» **WORK ITEM**:
Go to the line containing "Now looking at" below; retype it and all following lines exactly, and leave out the pictures.

⟨

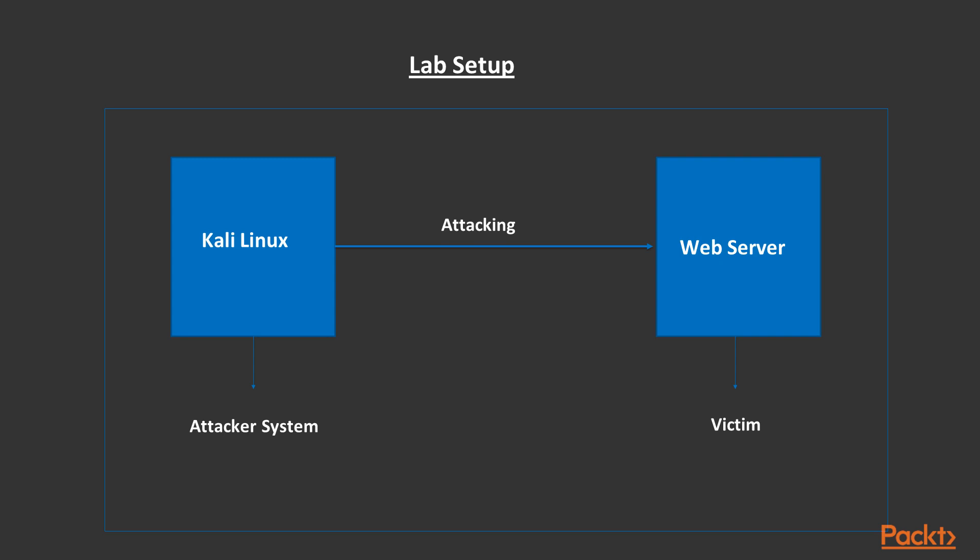If we talk about the setup, it's quite simple. We have a Kali Linux operating system and we will create a server on that. We will perform attacks on that web server using Kali Linux operating system.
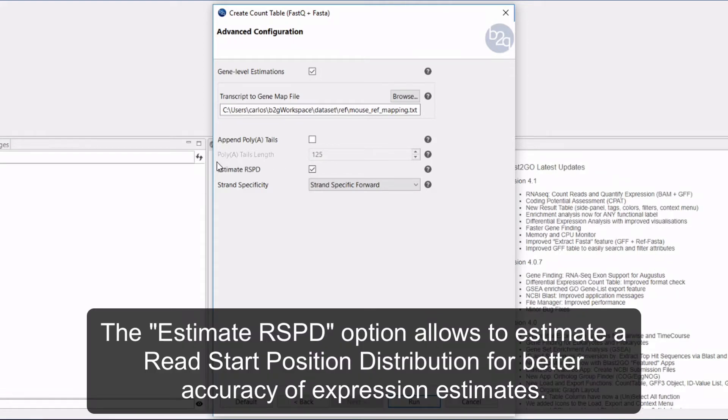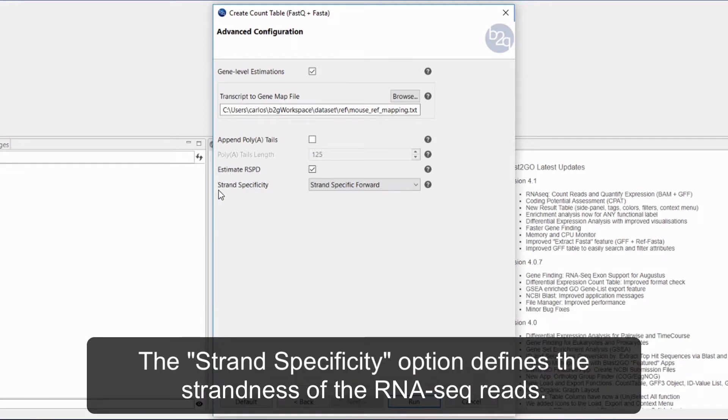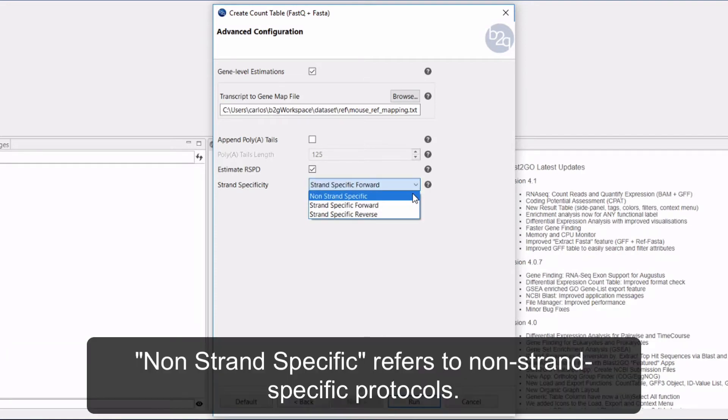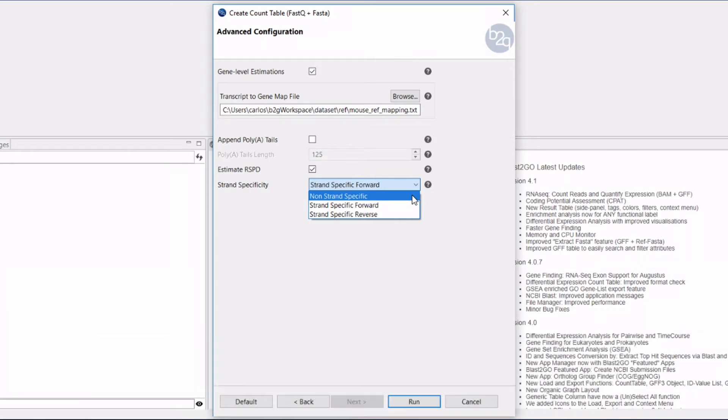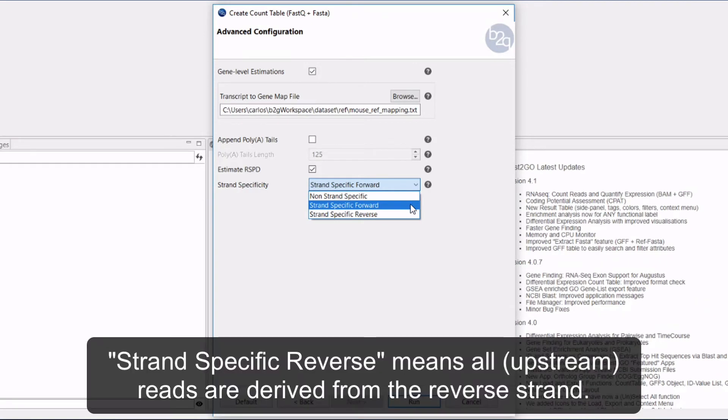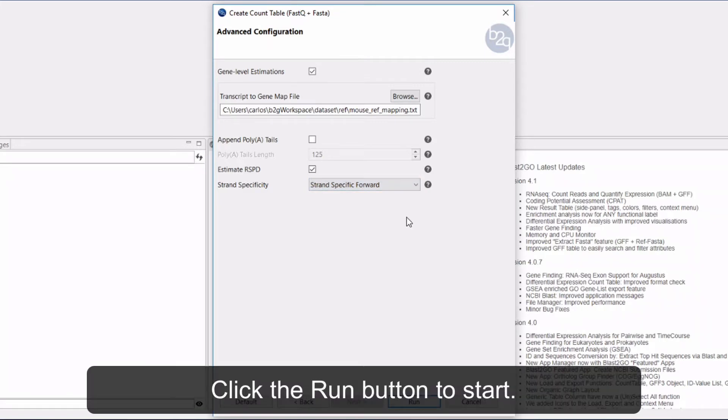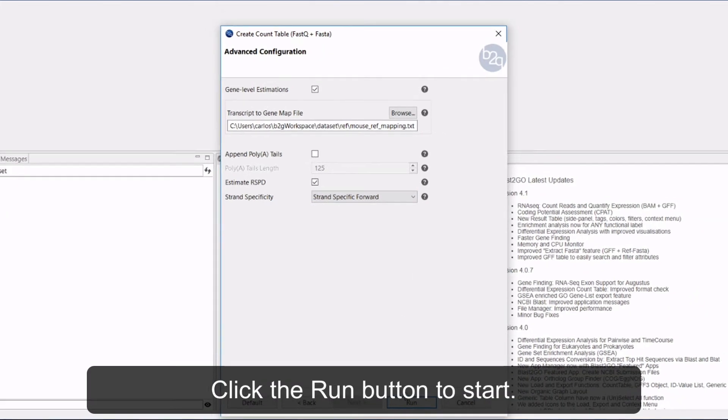The estimate RSPD option allows you to estimate a read-start position distribution for better accuracy of expression estimates. The strand specificity option defines the strandedness of the RNA-seq reads: non-strand specific refers to non-strand specific protocols, strand specific forward means all upstream reads are derived from the forward strand, and strand specific reverse means all upstream reads are derived from the reverse strand. Click the Run button to start.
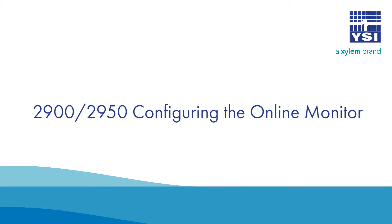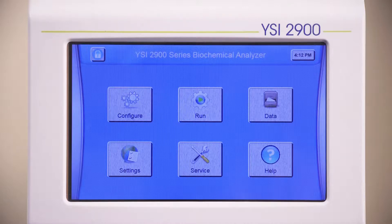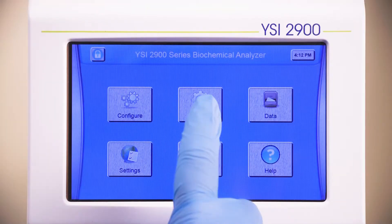Configuring your Online Monitor and Control Session. Configure the instrument with the necessary membranes, reagents, and buffer as described in the other YSI videos. Calibrate the instrument and then from the main screen, press Run.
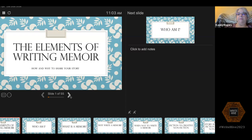Welcome to my presentation of the Elements of Writing Memoir. My name is Casey Rogers and I wrote a memoir called Our Better Selves: From Secrets and Lies to Healing and Forgiveness. What I learned through the process of writing the memoir is that writing a compelling memoir really introduces a lot of the same elements of fiction.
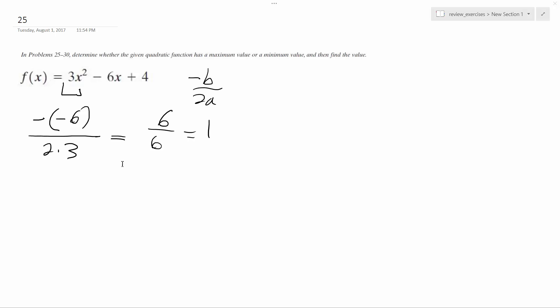So you plug in 1, which you end up with is 3 minus 3. Well, I'll just do this. 3 minus 6 plus 4, so negative 3 plus 4 equals 1.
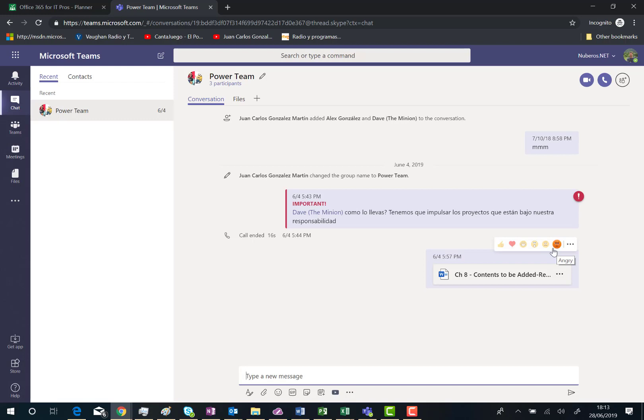I hope you have found this video about reactions in Microsoft Teams useful. Talk to you soon. Bye bye.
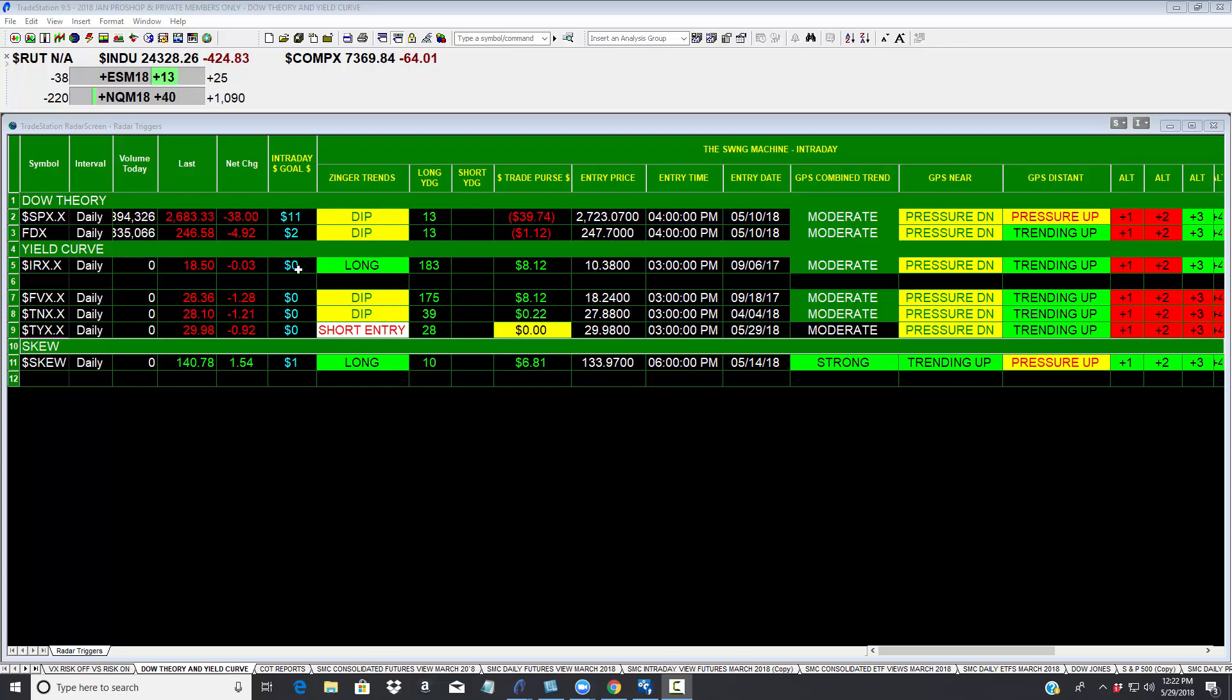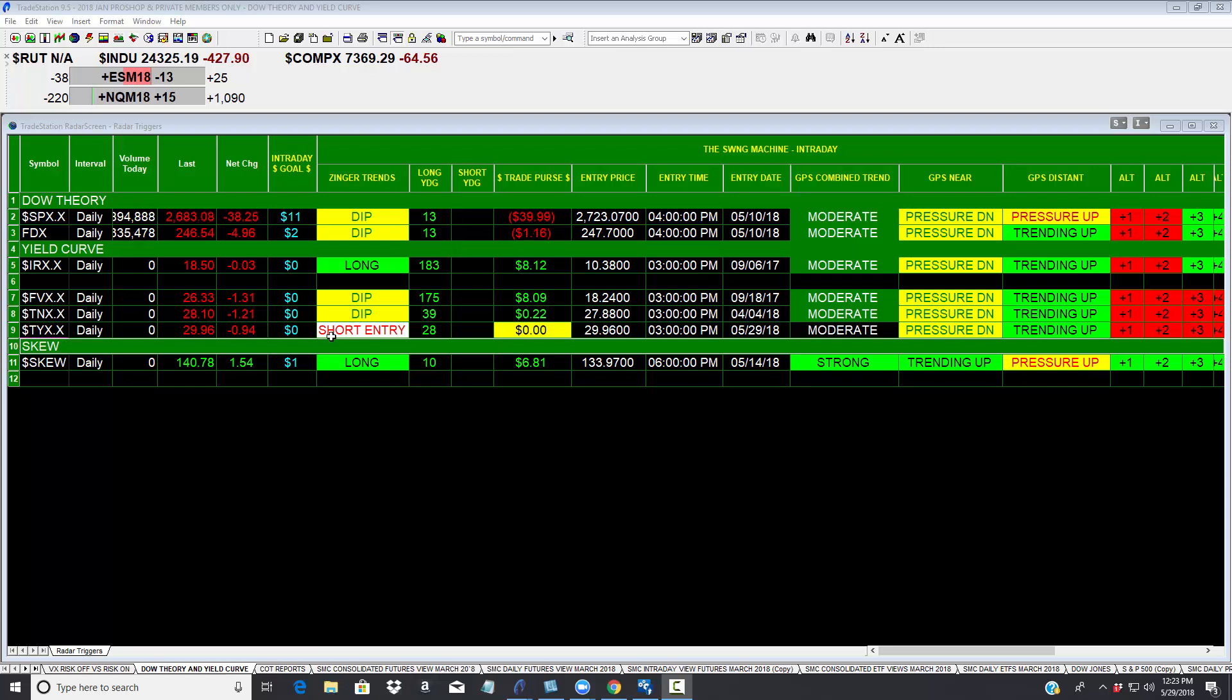Look what we got going on here. The yields on short dated treasuries are long. 30 year yields are going into a short. They are in essence rolling over. They are in the process of inverting.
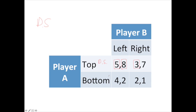Now looking at the bottom row — if player A is going to play bottom, mentally cross out the top and focus on the bottom. Player B has a choice of two or one; they'd prefer two, meaning they'd prefer to go left. Both times we determined player B goes left, so player B has a dominant strategy of going left. Player A goes top, player B goes left — that's the Nash equilibrium, with player A receiving a payout of five.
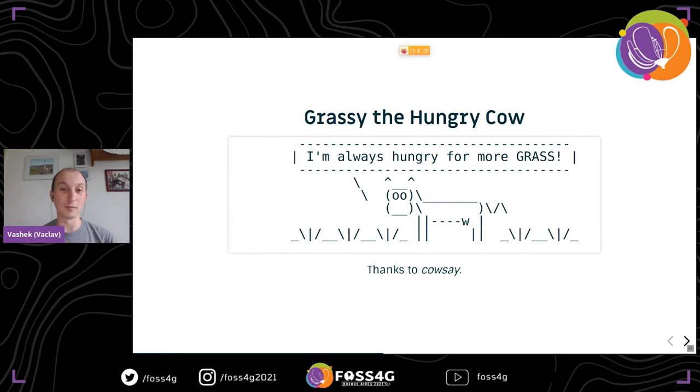We now have a mascot — GRASS is a hungry cow, and the cow is always hungry for more. So we have some more improvements coming in 8.0.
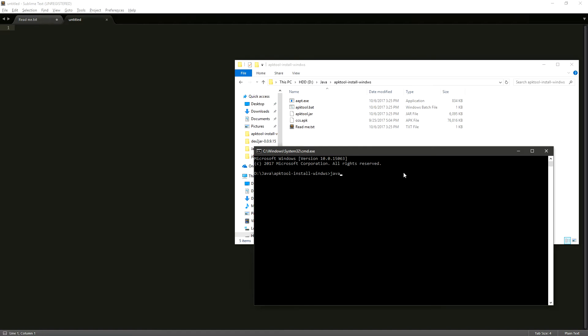You have to type in Java-JAR APKTool.JAR D-S and then our APK file. So ours is CCS.APK.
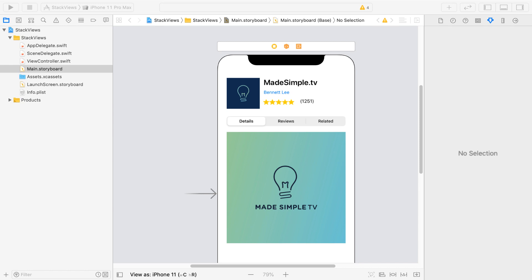Over here we have an app preview page that's really similar to what we find in the App Store. Now we can use Autolayout to build out this page. It would take about maybe an hour, but let's see how fast we can do it with Stack View.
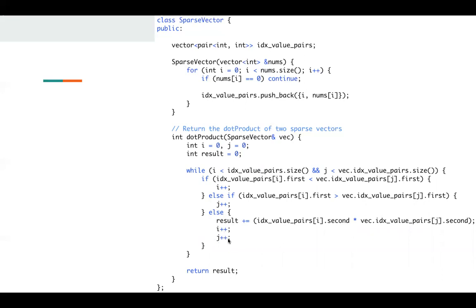So the key point for this problem is how to save the inputs efficiently. Since it's a sparse vector, there are many zeros. We don't care about zeros. So we just store values that are not zero. See you next time.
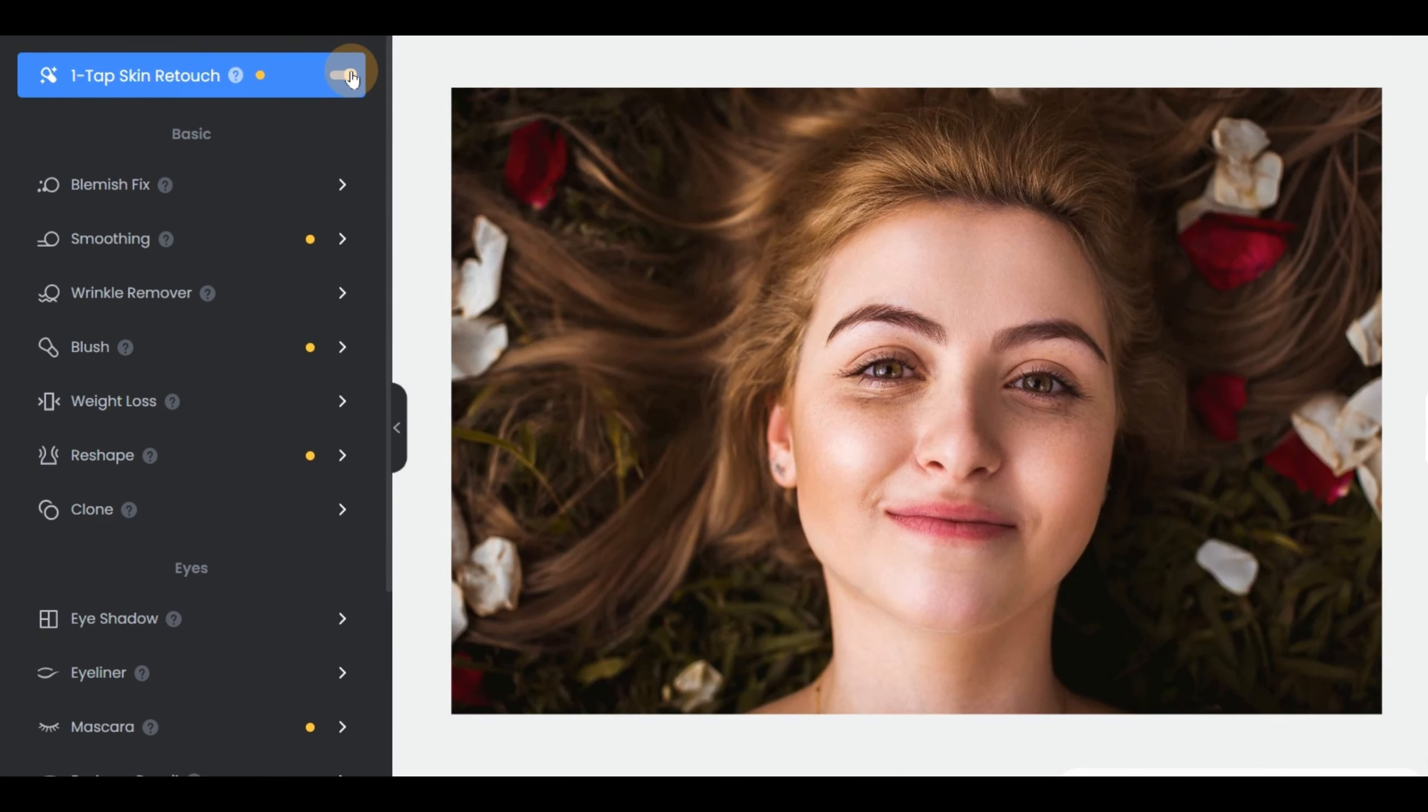Step 4, you can also choose which particular beauty feature you wish for maximum results to fix your image.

⟩

» **RESULT BELOW**:
Now looking at the bottom row — if player A is going to play bottom, mentally cross out the top and focus on the bottom. Player B has a choice of two or one; they'd prefer two, meaning they'd prefer to go left. Both times we determined player B goes left, so player B has a dominant strategy of going left. Player A goes top, player B goes left — that's the Nash equilibrium, with player A receiving a payout of five.
We now have a mascot — GRASS is a hungry cow, and the cow is always hungry for more. So we have some more improvements coming in 8.0.
You have to type in Java-JAR APKTool.JAR D-S and then our APK file. So ours is CCS.APK.
Over here we have an app preview page that's really similar to what we find in the App Store. Now we can use Autolayout to build out this page. It would take about maybe an hour, but let's see how fast we can do it with Stack View.
So the key point for this problem is how to save the inputs efficiently. Since it's a sparse vector, there are many zeros. We don't care about zeros. So we just store values that are not zero. See you next time.
Step 4, you can also choose which particular beauty feature you wish for maximum results to fix your image.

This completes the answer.